In April 2015, INSOL International published its Special Report “When ‘Where’ Matters: Anchoring Jurisdiction in Insolvency” authored by Lipman Karas’ Jason Karas, Madeleine Harland and Scott Foreman. The report provides a comparative examination of evolving judicial attitudes on the increasing intersection and potential conflict between forum selection clauses and public policy in cross-border insolvency proceedings, and the resulting impact on the rights of insolvent companies, their creditors and liquidators.
Forum selection clauses can be decisive in multi-jurisdictional disputes and are often determinative of key substantive issues such as the applicable governing law, limitation periods and the availability of statutory causes of action. The principles of freedom of contract and party autonomy which underpin forum selection clauses generally results in their enforceability in most jurisdictions. But what if one of the parties becomes insolvent after executing a contract containing a forum selection clause? Can a forum selection clause prevent liquidators from exercising their statutory powers and obligations in their home jurisdiction? Or do policy considerations, including centralized asset collection and distribution and the investigation of the company’s affairs in the public interest trump considerations of freedom of contract?

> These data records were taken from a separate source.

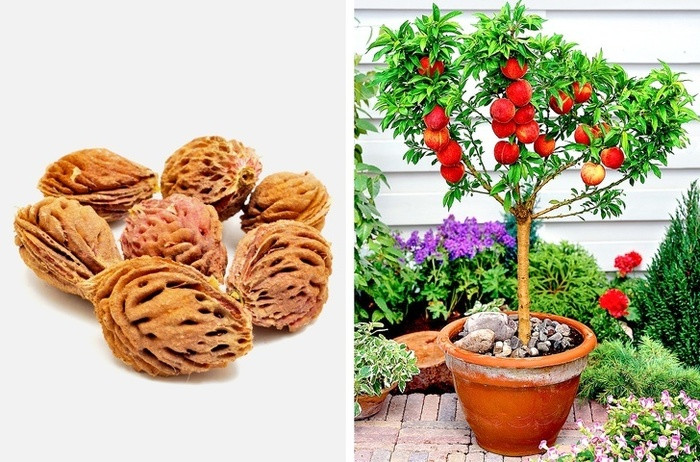 Đào Để hạt đào dễ nảy mầm, bạn nên đặt hạt đào trong 1 chiếc khăn giấy ẩm và đặt trong tủ lạnh trong 8 tuần. Bạn nên trồng đào trong đất tơi xốp, thoát nước tốt. Cây đào là cây ưa sáng vì vậy bạn hãy trồng cây ở nơi có nhiều ánh sáng mặt trời.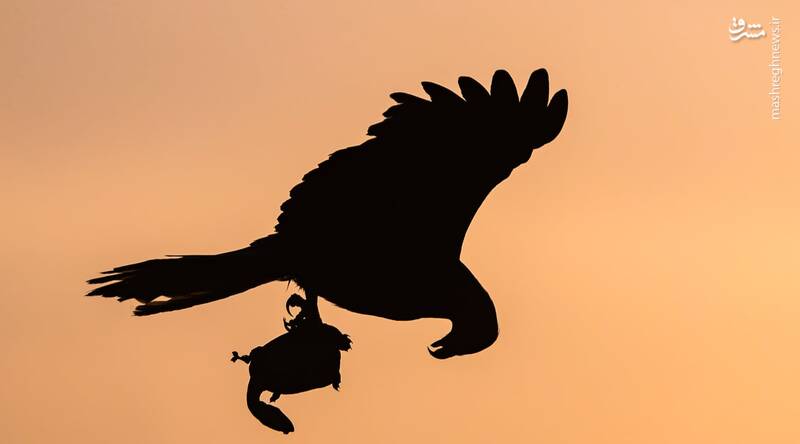 برترین عکس‌های مسابقه زندگی پرندگان استرالیا ۲۰۲۵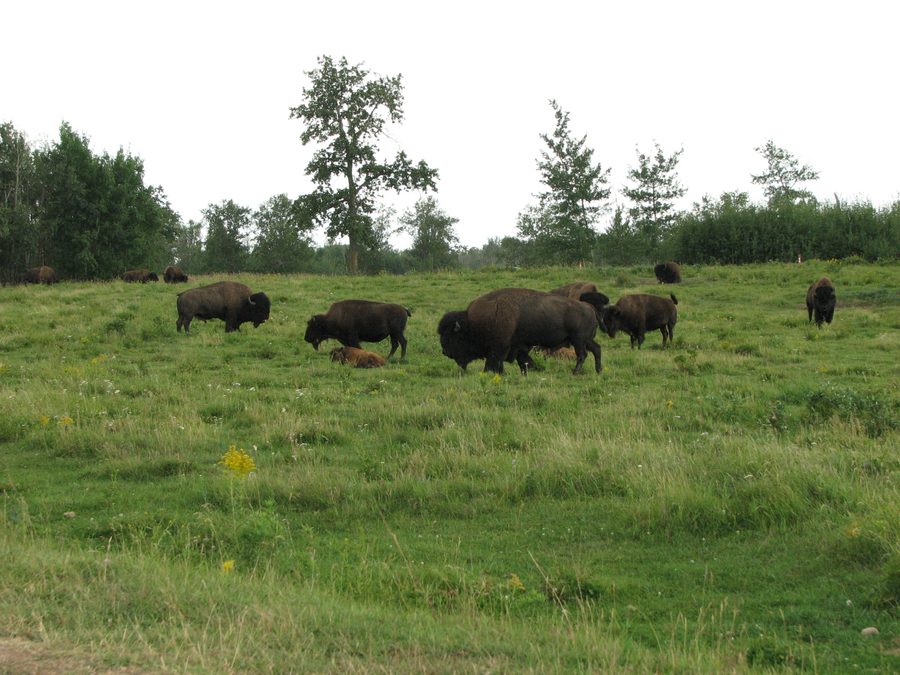 Un branco di bisonti a Elk Island National Park.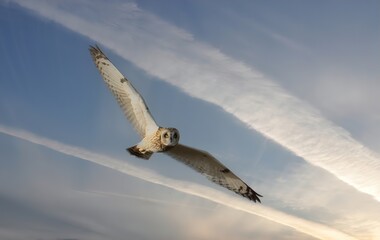 Short Eared Owl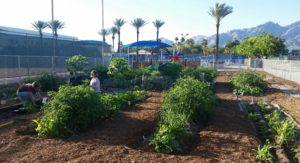 Join A Garden Community Gardens Of Tucson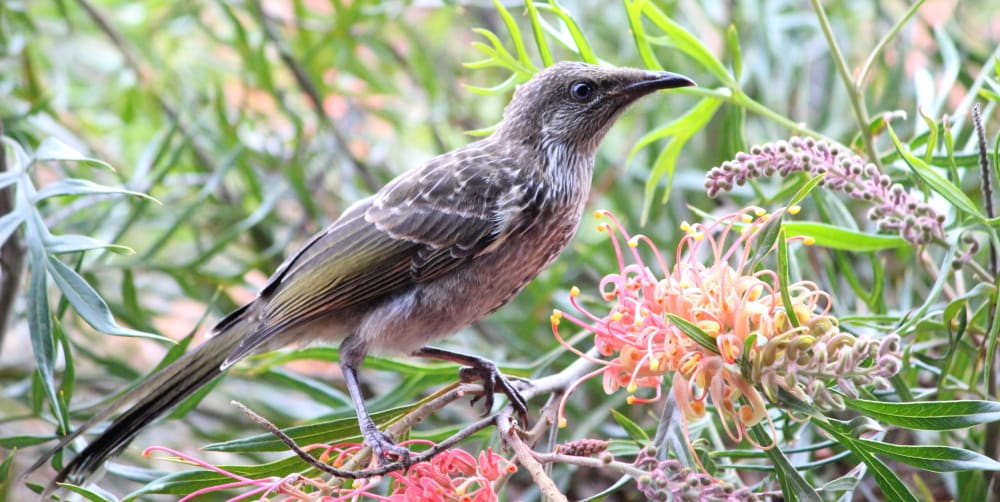 Common birds suburbs Melbourne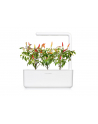 click and grow Click&Grow Inteligentna doniczka Smart Garden 3 White - nr 18
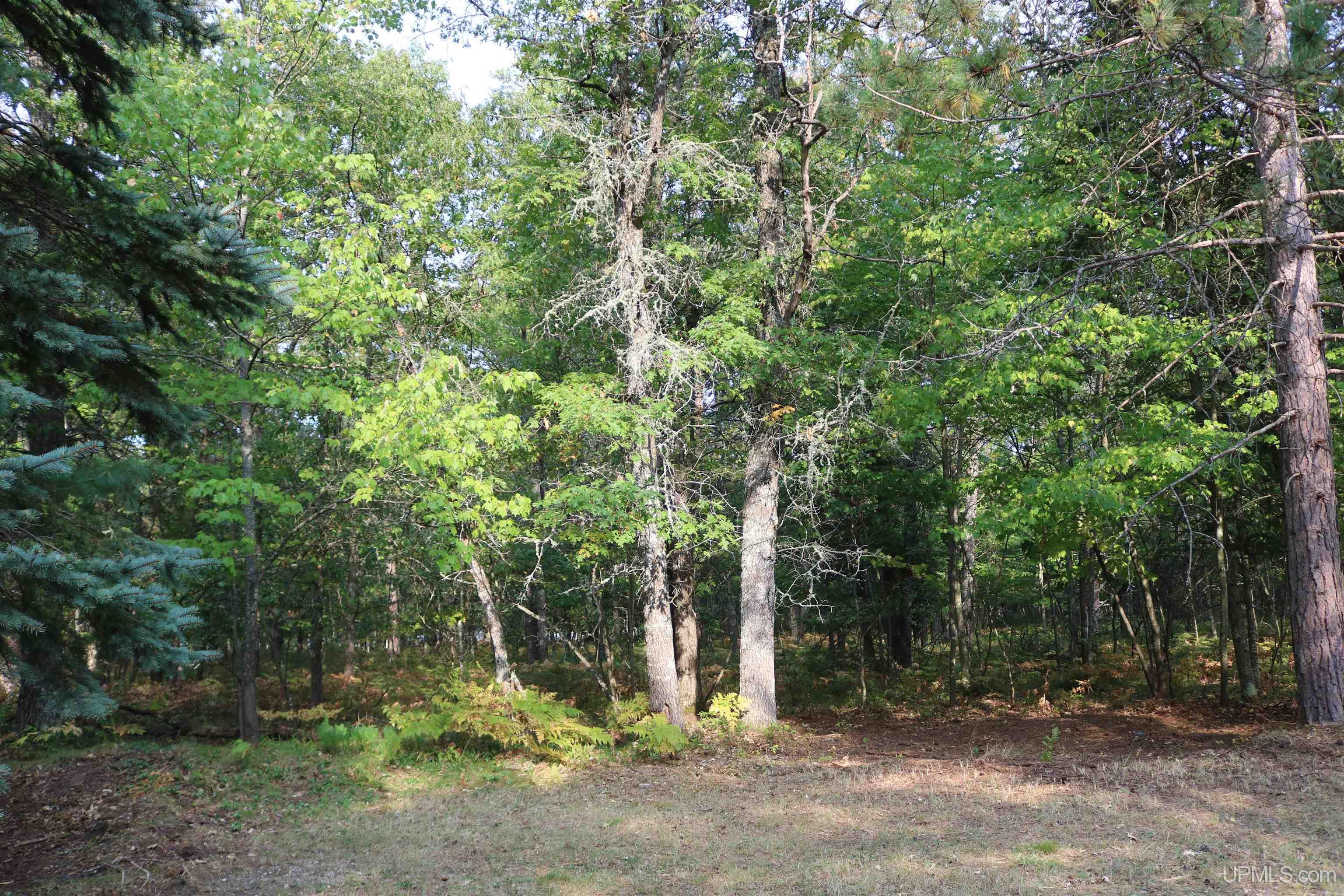 9752 County 513 T Road Rapid River, MI 49878 - Photo 18 of 24 Gallery Image 18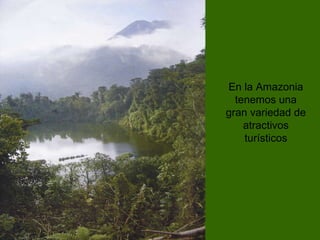 En la Amazonia tenemos una gran variedad de atractivos turísticos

The report considers the impact of these and other important public policy questions on insolvency proceedings in common law and civil code jurisdictions. Whilst evolving, a number of clear themes have emerged from the case law, including a trend to prioritise statutory insolvency claims over the enforcement of jurisdiction clauses and uphold the non-fragmentation principle, which prevents disputes being split across different jurisdictions, absent necessity or impossibility.